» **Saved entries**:
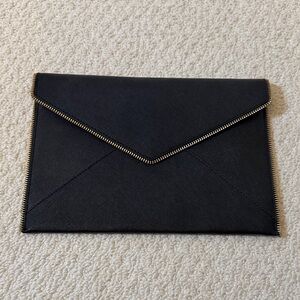 Rebecca Minkoff Black Envelope Clutch with Gold Trim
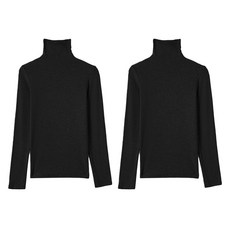 티에스에이치 여성용 데일리 골지 목폴라 티셔츠 2p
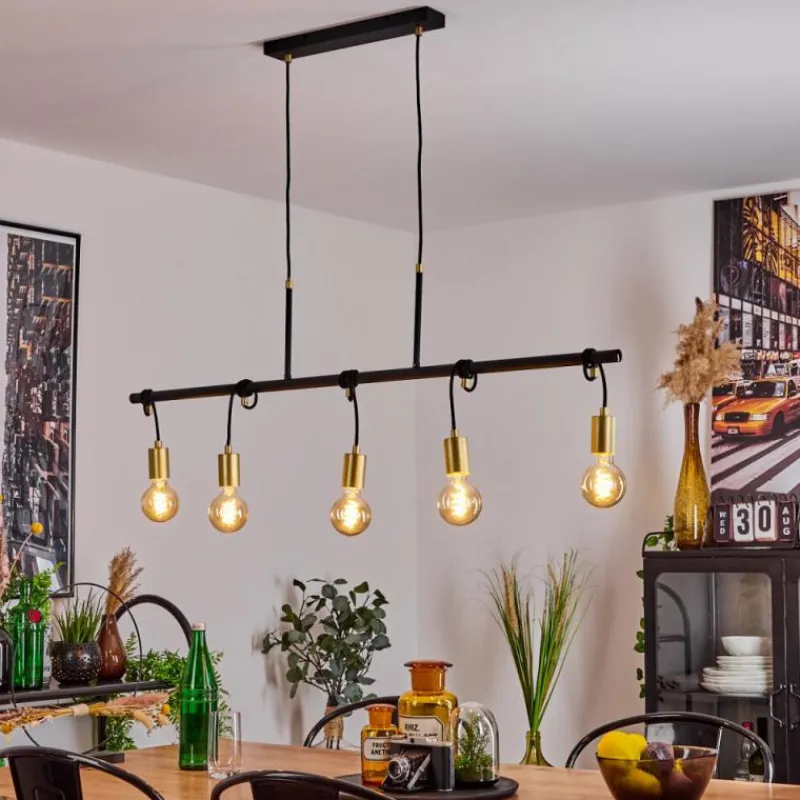 Lampes Dorées-hofstein Suspension Blaco Noir, 5 lumières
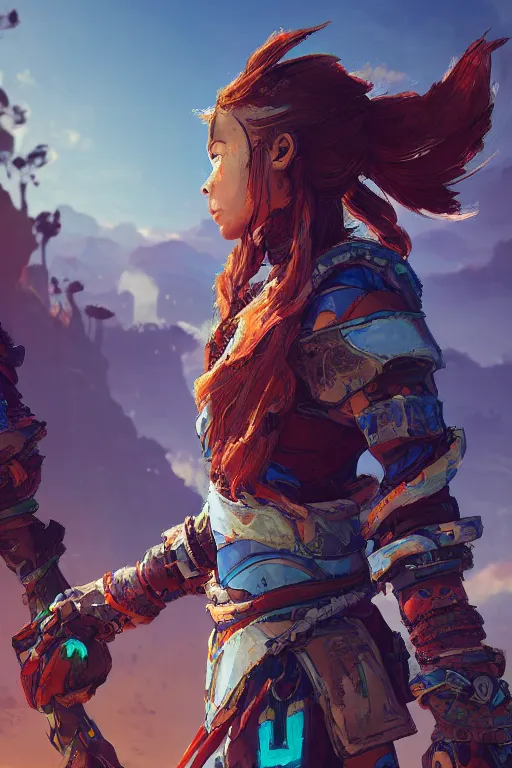 Image similar to combination suit armor aloy horizon forbidden west horizon zero dawn radiating a glowing aura global illumination ray tracing hdr fanart arstation by ian pesty and alena aenami artworks in 4 k tribal robot ninja mask helmet backpack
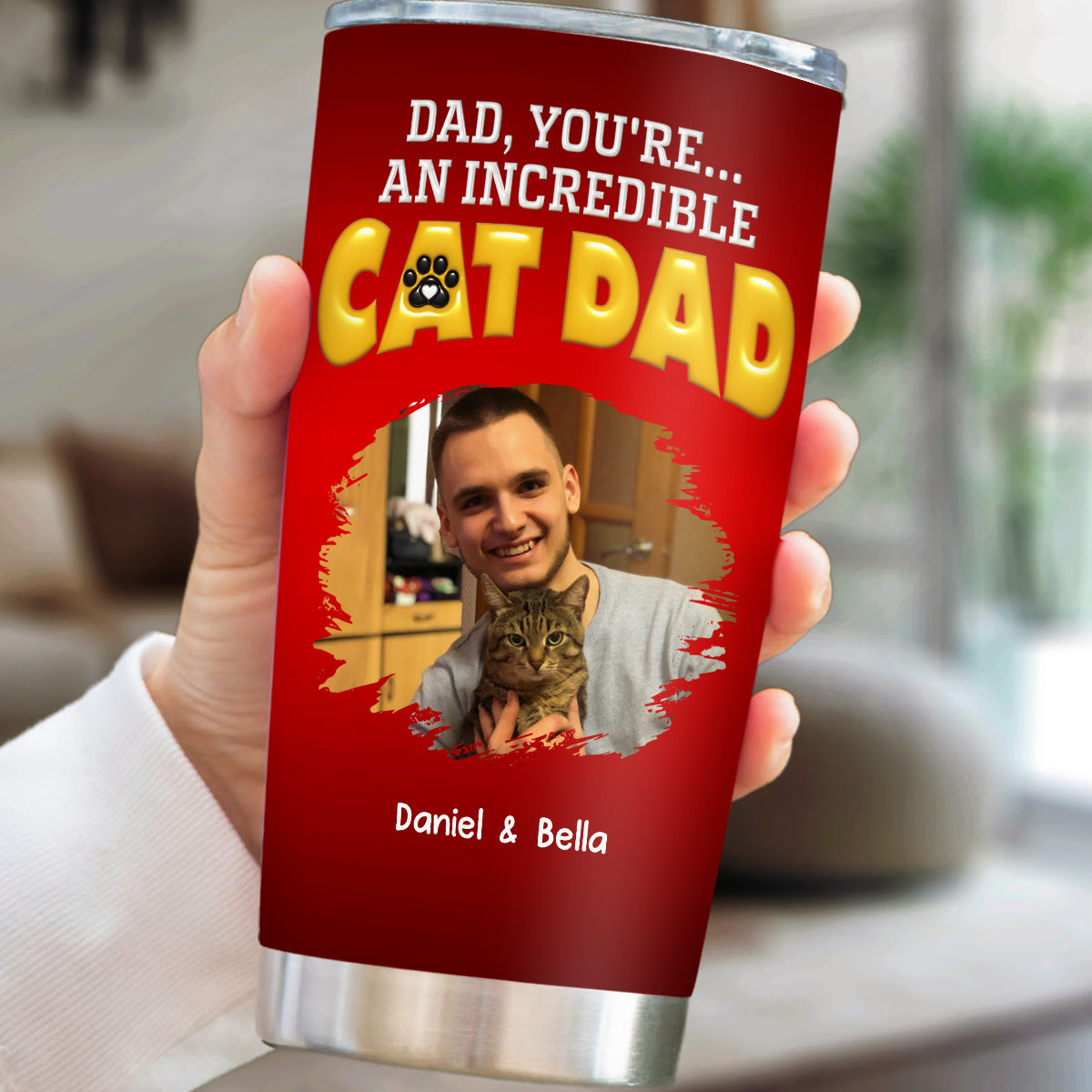 Custom Photo Father's day Birthday Gifts For Cat Dad, Cat Lovers • You Are An Awesome Cat Dad Ver Photo - Personalized 3D Inflated Effect Tumbler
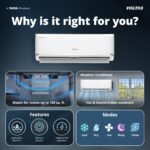 Voltas 1 ton 5 star Inverter Split AC (Copper, Convertible 5-in-1 Cooling Mode, 2-Way Air Swing, Anti-dust Filter with Anti Microbial Coating, Auto Clean (125INV VECTRA ZEN SILVER, White) - Image 10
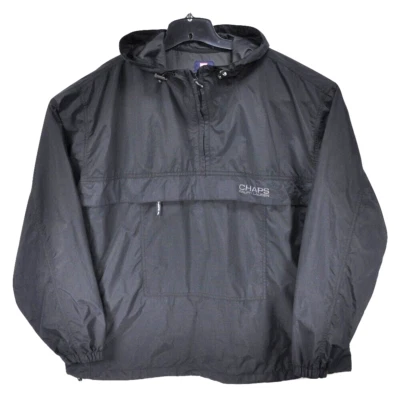 Vintage Chaps Black 2XL Front Pocket Nylon Windbreaker Anorak Kangaroo Jacket  - Image 1 of 4
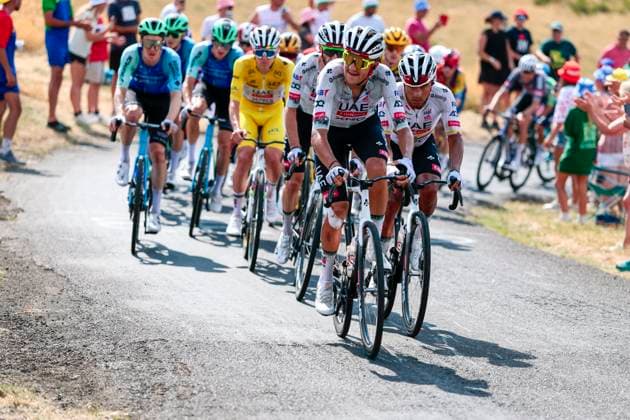 Tour de France 2025 Stage 10 LE MONT-DORE PUY DE SANCY, FRANCE - JULY 14 : Rider of UAE Team Emirates - XRG in action during stage 10 of the 112th edition of Tour de France an UCI World Tour 2.UWT cycling road race stage for Men Elite of 163 km with start in Ennezat and finish in Le Mont-Dore Puy de Sancy on July 14, 2025 in Le Mont-Dore Puy de Sancy, France, 14 07 2025 ( Motordriver Kenny Verfaillie - Le Mont-Dore Puy de Sancy France  Copyright: xLucaxBettinix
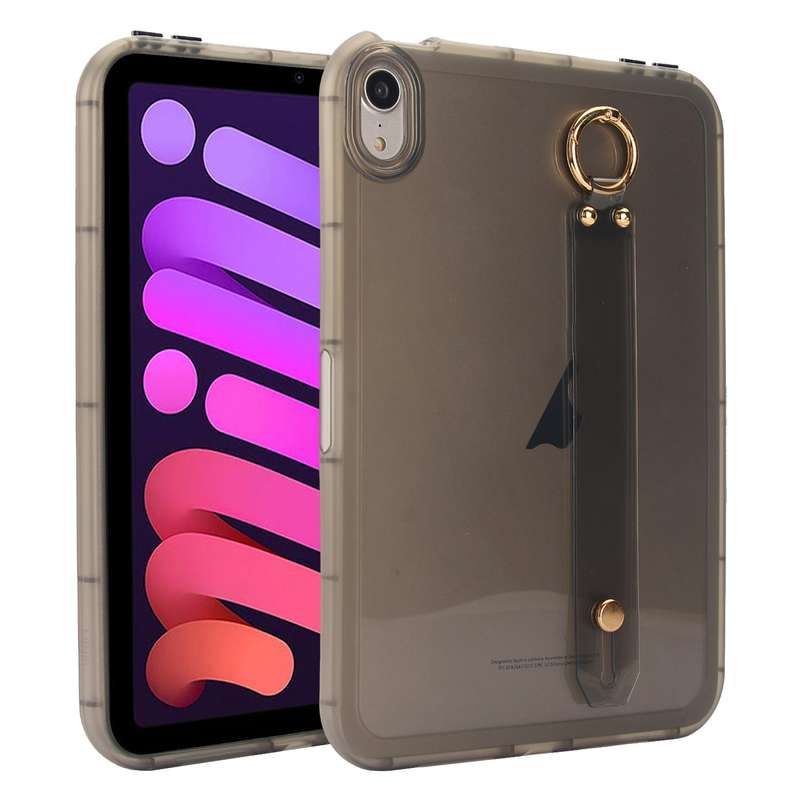 For iPad mini 6 Wristband Holder PC Hybrid TPU Soft Tablet Case(Pink)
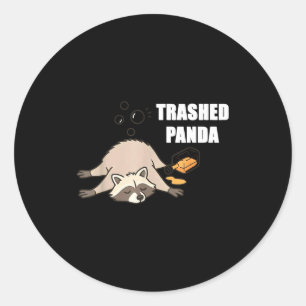 Trendy Funny Trashed Panda Drunk Raccoon Lovers Me Classic Round Sticker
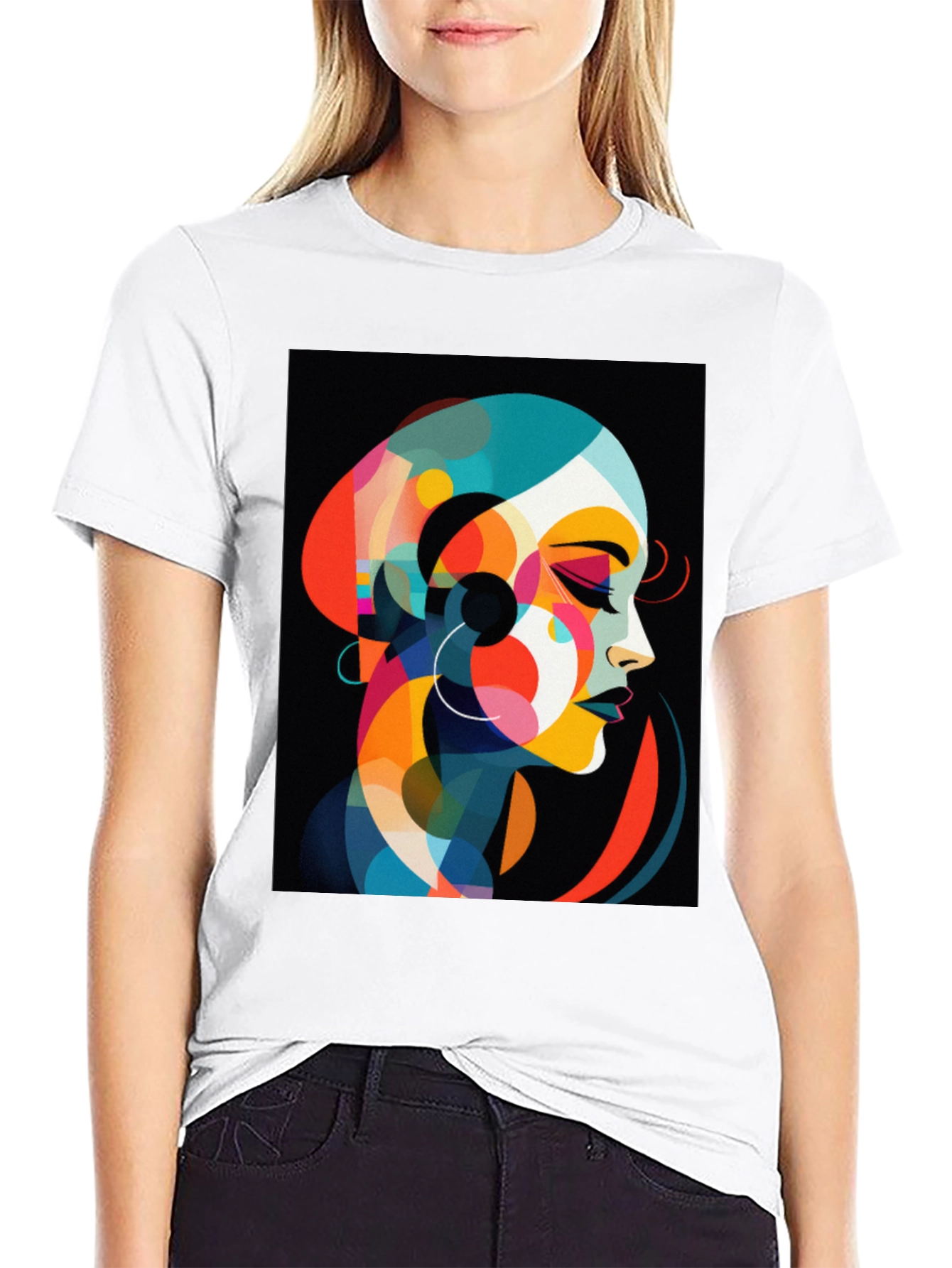Abstract Woman Graphic Tee - Stylish Black T-Shirt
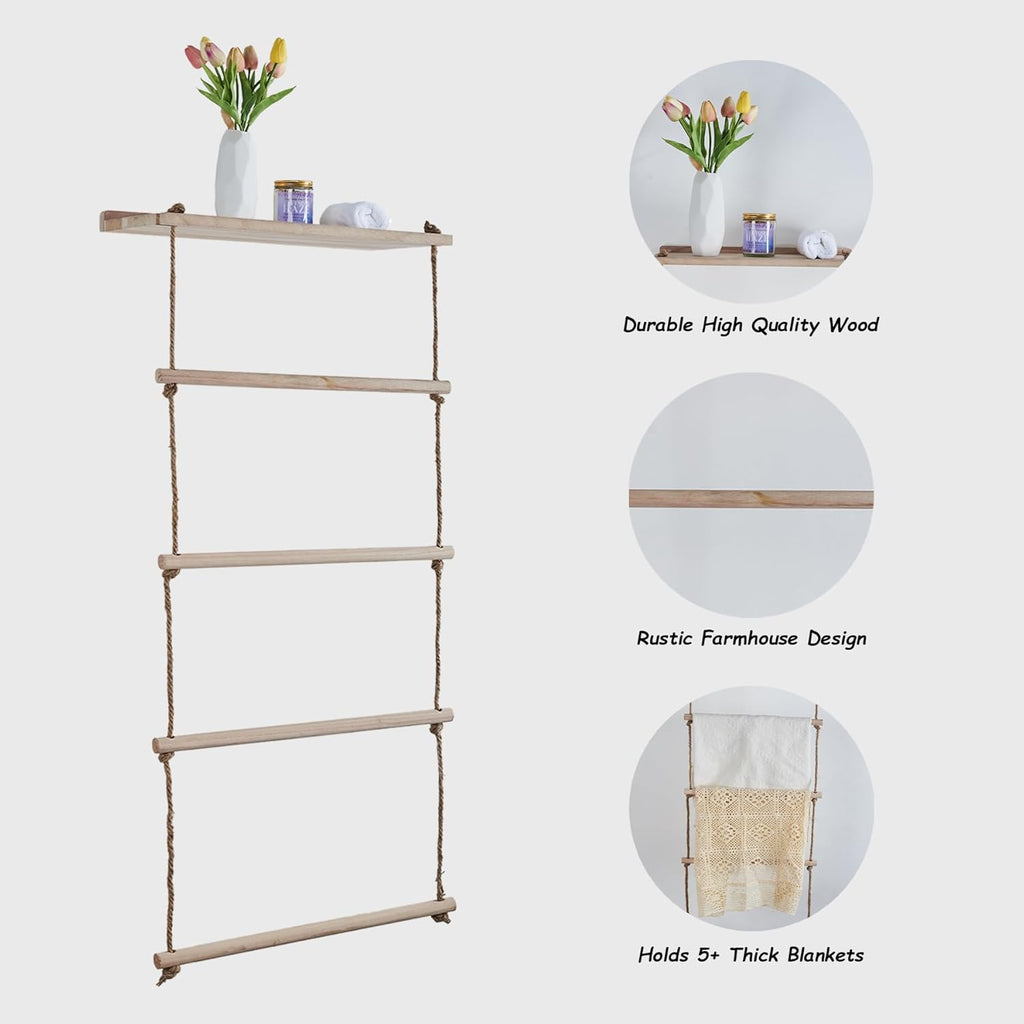 Wooden Blanket Ladder for Living Room, Bedroom, and Bathroom W177498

» **WHAT TO WORK ON**:
Every line above in the stretch from the one with "Lampes Dorées-hofstein Suspension" through the one with "Image similar to" is to be transcribed exactly, ends included. No picture is copied.

» **RESULT FOR THIS EXERCISE**:
 Lampes Dorées-hofstein Suspension Blaco Noir, 5 lumières
 Image similar to combination suit armor aloy horizon forbidden west horizon zero dawn radiating a glowing aura global illumination ray tracing hdr fanart arstation by ian pesty and alena aenami artworks in 4 k tribal robot ninja mask helmet backpack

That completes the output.